Meine Arbeit ist in zwei größere Teile gegliedert. Bevor ich mich der eigentlichen Fragestellung, dem bilingualen Lexikon und dem Prozess des Zugriff auf lexikalisches Wissen zuwende, befasse ich im ersten Teil der Arbeit, im Kapitel 2, mit dem Grundwissen zur Struktur und Organisation im mentalen Lexikon bei einsprachigen Personen. Der Schwerpunkt liegt hier auf der Erläuterung des Begriffes “mentales Lexikon“ sowie auch auf der formal-strukturellen und inhaltlichen Gliederung des mentalen Lexikons. Des Weiteren wird das Lexikon als eine Komponente des Langzeitgedächtnisses diskutiert. Abgesehen davon wird in diesem Kapitel ebenfalls die Aktivierung und Informationsübertragung im Lexikon auf der Basis von hirnphysiologischen Prozessen diskutiert. Dieses Grundwissen bildet den Ausgangspunkt für das darauf folgende Kapitel, in dem Aktivierung und Abruf lexikalischen Wissens während des monolingualen Sprachproduktionsprozess behandelt werden. Hinsichtlich des lexikalischen Zugriffs werden Innerhalb der Psycholinguistik zwei zeitlich unterschiedliche Ablaufmuster angenommen. Das erste Muster, das von zwei diskreten, nacheinander folgenden Schritten ausgeht, wird in dieser Arbeit anhand des hierarchisch - seriellen Speaking-Modells von Levelt (1989) behandelt. Das zweite Ablaufmuster geht von zwei weitgehend zeitgleichen Aktivationsvorgängen (Dietrich 2002: 165) aus. Diese Idee wird in den so genannten konnektionistischen Modellen vertreten. In Kapiteln 3.2 und 3.3 werden zwei solche Modelle beschrieben: das Independent Network Model Caramazza (1997) und das Interactive Activation Model von Dell (1986). Der Unterschied zwischen diesen zwei konnektionistischen Modellen besteht in der Richtung des Aktivierungsflusses zwischen den jeweiligen Sprachproduktionsebenen.

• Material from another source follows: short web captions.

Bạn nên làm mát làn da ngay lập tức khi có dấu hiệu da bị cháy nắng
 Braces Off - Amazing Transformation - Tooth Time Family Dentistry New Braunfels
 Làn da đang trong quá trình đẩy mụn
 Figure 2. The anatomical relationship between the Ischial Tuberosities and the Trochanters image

Das Wissen über die Struktur und Organisation sowie auch über den Prozess des Lexikonzugriffs bei Einsprachigen bildet die Basis für den zweiten Teil meiner Magisterarbeit.

In diesem Teil gilt die Aufmerksamkeit dem bilingualen mentalen Lexikon – seiner Organisation und dem lexikalischen Abruf. Bezüglich der Organisation des bilingualen Lexikons etablierten sich in der Forschung zwei Annahmen: die Annahme eines gemeinsamen Lexikons und die Annahme von zwei getrennten sprachspezifischen Lexika Diese Annahmen werden im Kapitel 4 in Anlehnung an die Organisationsformen von Weinreich (1953) diskutiert. Des Weiteren werden in diesem Kapitel Faktoren diskutiert, die die Organisation und Verarbeitung im bilingualen Lexikon beeinflussen. Zu diesen Faktoren gehören unter anderem die Gebrauchssituation, der Erwerbskontext, die Sprachkompetenz, der Grad der Bedeutungsüberschneidung, die Häufigkeit des gemeinsamen Gebrauchs.

Wenn man von einem gemeinsamen Lexikon ausgeht, so ergibt sich die Frage, wie ein Bilingualer weißt, welche Sprache er für die intendierte Äußerung braucht. Im darauf folgenden soll die Frage nach der Festlegung der Sprache, die für die jeweilige Äußerung benötigt wird, behandelt werden. Mit dieser Frage beschäftigen sich mehrere Modelle zur bilingualen Sprachproduktion. Zwei davon werden in diesem Kapitel erläutert.

Im letzten Kapitel soll der Prozess des bilingualen lexikalischen Zugriffs bei kompetenten Bilingualen anhand empirischer Untersuchungen diskutiert werden. Bezüglich des bilingualen Lexikonzugriffs stehen sich zwei Hypothesen gegeneinander: die sprachspezifische und nicht-sprachspezifische. Die meisten Forscher vertreten die nicht-sprachspezifische Hypothese des lexikalischen Zugriffs. In der psycholinguistischen Forschung wurden einige Untersuchungsmethoden entwickelt, die die beiden Annahmen zu überprüfen. Einige dieser Untersuchungsmethoden werden im diesem Kapitel aufgeführt.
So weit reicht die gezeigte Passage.